Our view: Hold
Share price: 159p (-13p)
Homebuyers on both sides of the Atlantic are in their bunkers. Which is grim news for Taylor Wimpey, the UK's largest housebuilder created out of last year's merger of Taylor Woodrow and George Wimpey.
It limped to the finishing line in 2007 making profits in line with expectations, according to a trading update yesterday, but it was a struggle. UK completions fell 5.8 per cent to 20,645. In the US they dipped 23 per cent to 6,740.
It is what happens next which matters. The UK housing market is deep in the doldrums. The company admits it would probably need two cuts in interest rates to trigger an early and meaningful recovery.
Selling prices, up a modest £5,000 to £190,000, will be flat this year. Margins, which it hopes to push up to 14.5 per cent, will be under pressure. The company has already been linked with reports of using strong-arm tactics on its suppliers in a bid to get them to accept cuts in payments.
New homebuyers will need to be seduced into deals. That will mean bigger and sweeter incentives that will squeeze margins.
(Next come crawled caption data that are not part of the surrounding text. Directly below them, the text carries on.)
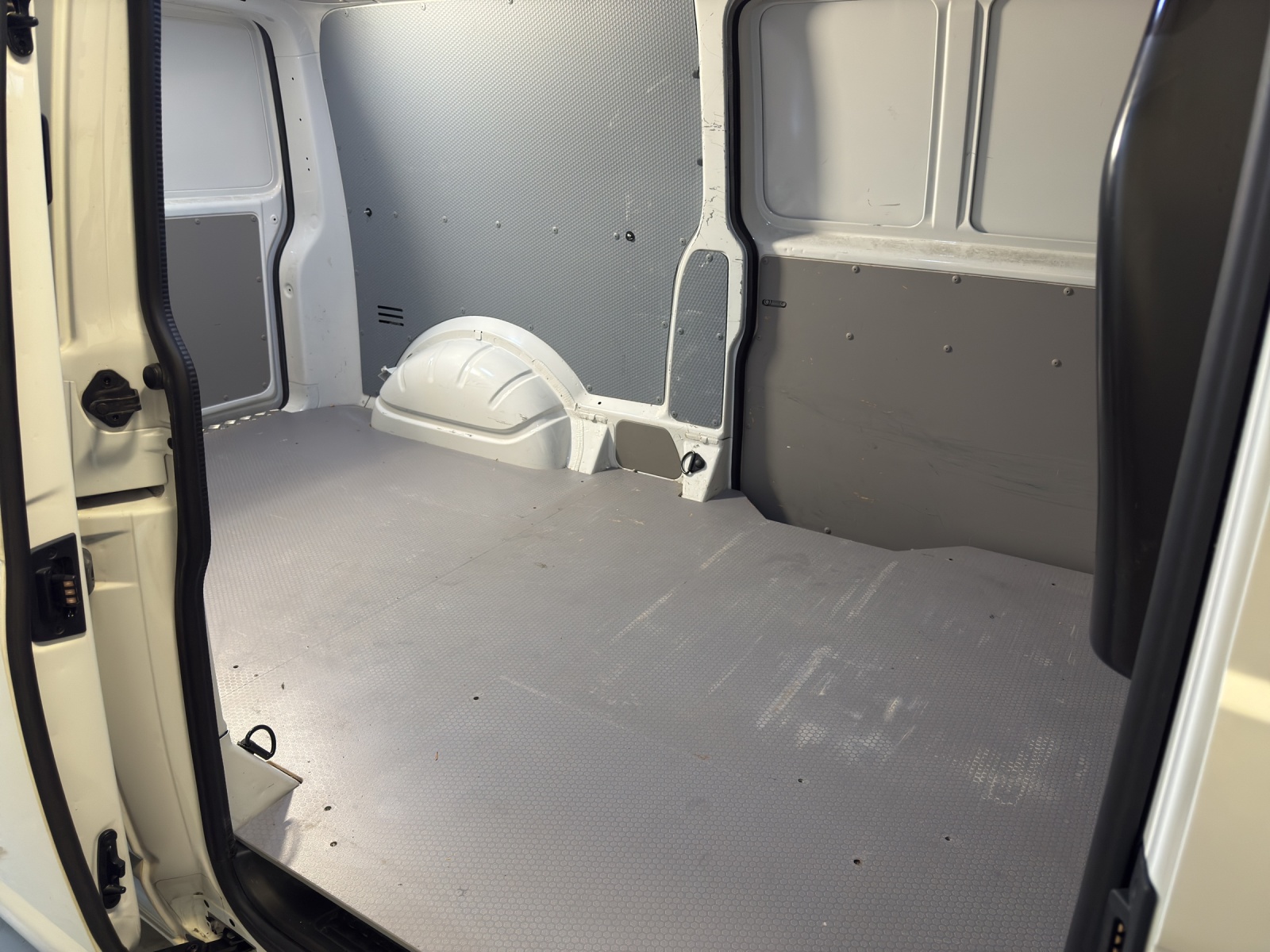 VW VW T6 Kaw. 3400 2.0 TDI 150-image-10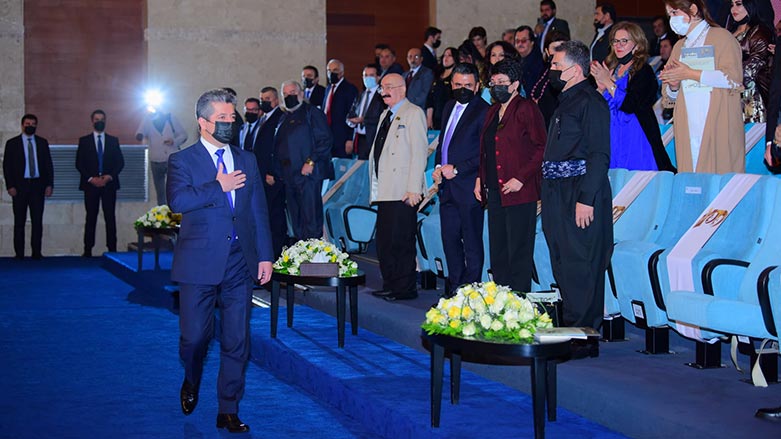 حضور مسرور بارزانی در مراسم صدمین سالیاد تئاتر اربیل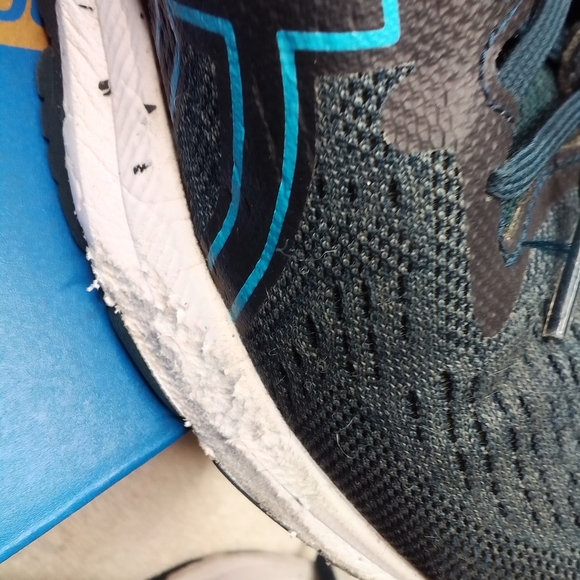 30% is the marked price-ASICS Women’s  Tennis shoes Size 8 - Picture 5 of 9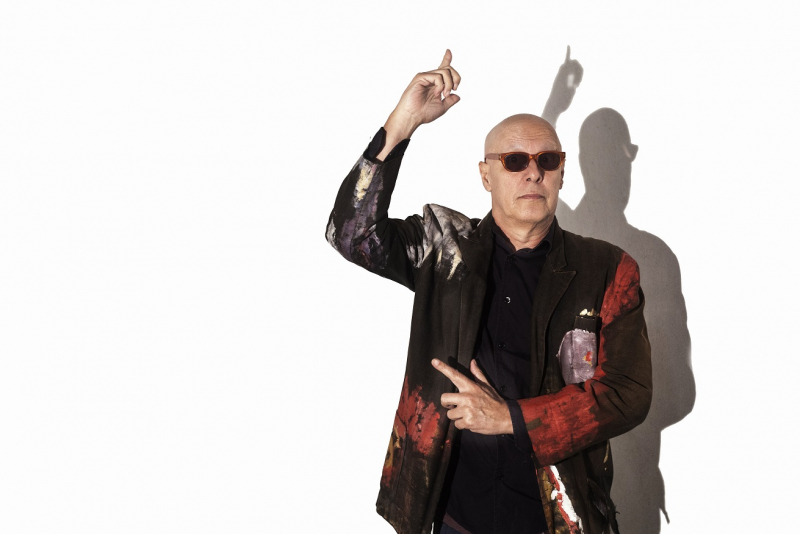 Projeto Mistura Fina apresenta o show ''Bebeto Alves - Voz & Violão''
At the same time the group is facing continued steep rises in the price of raw materials – up between 3 and 4 per cent in 2007.
The US market is expected to be virtually comatose. Spain, although far less important, is also in serious trouble and the value of its land holdings is expected to be cut.
On the plus side the group's housing bank is healthy – enough for the next five and a half years – so the £1.5bn or so that it would have spent acquiring land can be tucked away or used to buy back its shares. The market expects around £500m of share purchases in 2008.
The shares sell on just 5.5 times expected earnings for 2008. That is cheap but it did not stop the price falling further yesterday. The trouble is that the whole sector is depressed and will need lower interest rates and a greater willingness to lend by the banks in time for the all important spring selling season. Hold for now.
Our view: Avoid
Share price: 85.75p (+2p)
After wiping 37 per cent off the value of the shares over the past year the market has granted Northern Foods, supplier of Goodfellas Pizzas and Fox's biscuits, a reprieve.
The price edged up nervously yesterday as dealers responded to talk that it is becoming a recovery play. It still looks early for such optimistic assumptions.
The company rewarded the market's faith by confirming that it is on course to meet expectations for last year – profits of around £47m. Sales over the important Christmas period held up well, rising 3.5 per cent. There were some strong individual performances – the chilled food side pushed up volumes 4 per cent.
However, the picture is not as clear as it looks. The improvement in sales was due entirely to price increases forced on Northern by the soaring cost of key ingredients such as wheat. Volumes were unchanged.
Customers such as Marks & Spencer were willing to pass on Northern's increases to their own customers. Official figures put food inflation running at well over 7 per cent.
At some stage, as family budgets come under increasing pressure and takings drop at the checkouts, the supermarkets are going to resist price rises by their suppliers. Firms like Northern – and Hovis bread-maker Premier Foods, which has also taken a caning recently – will be told to go back to their factories, become more efficient, and take some of the hit themselves.
That is unfair because Northern has undergone a major restructuring, reflected in a strong performance from its chilled food business and a return to profits by its bakery business. But history tells us there is no hiding place when major customers are no longer willing to absorb a supplier's price increases.
Northern boss Stefan Barden believes greater emphasis on quality will put it in a good position to negotiate price rises with retailers. Where has he been for the last 30 years? Avoid.
Our view: Hold
Share price: 98.5p (+5.5p)
Travelzest is a holiday tiddler with dreams of becoming a big fish. So far its ambitions have not been recognised on AIM, with the shares well below their 126p issue price of 2005.
But that could change. Travelzest has assembled an intriguing portfolio of holiday ventures. An online travel agency offers the usual budget priced flights and cheap accommodation. But it also serves as a useful promotional tool cross-selling holidays and adventure packages offered by the group's other specialist tour operating companies.
These are aimed at better-off travellers in search of experience rather than a tan on the beach. These are also the sort of customers affluent enough not to be put off taking holidays when times get tough – like now. So there are opportunities to visit Verona and take in best seats at the opera, or have a ringside view of a marathon in the Sahara, or even summon the nerve to join up with Peng Travel, a company well known for its naturist holidays.
A third of last year's £38m turnover was generated from its online holiday business in Canada, which is counter cyclical to the UK so earns the bulk of its profits during the winter period.
The UK side is due to get a kick start from the relaunch of its holiday.co.uk venture. Group profits for last year came in slightly ahead of forecasts at £3.2m and could rise to £4.9m this year, although it is still early in the booking season.
Travelzest is a niche operator insulated from the sharp dips which occur at the volume end of the business. The shares look cheap at just 8.7 times expected earnings, but it needs to demonstrate further solid progress before any serious re-rating is likely. Hold.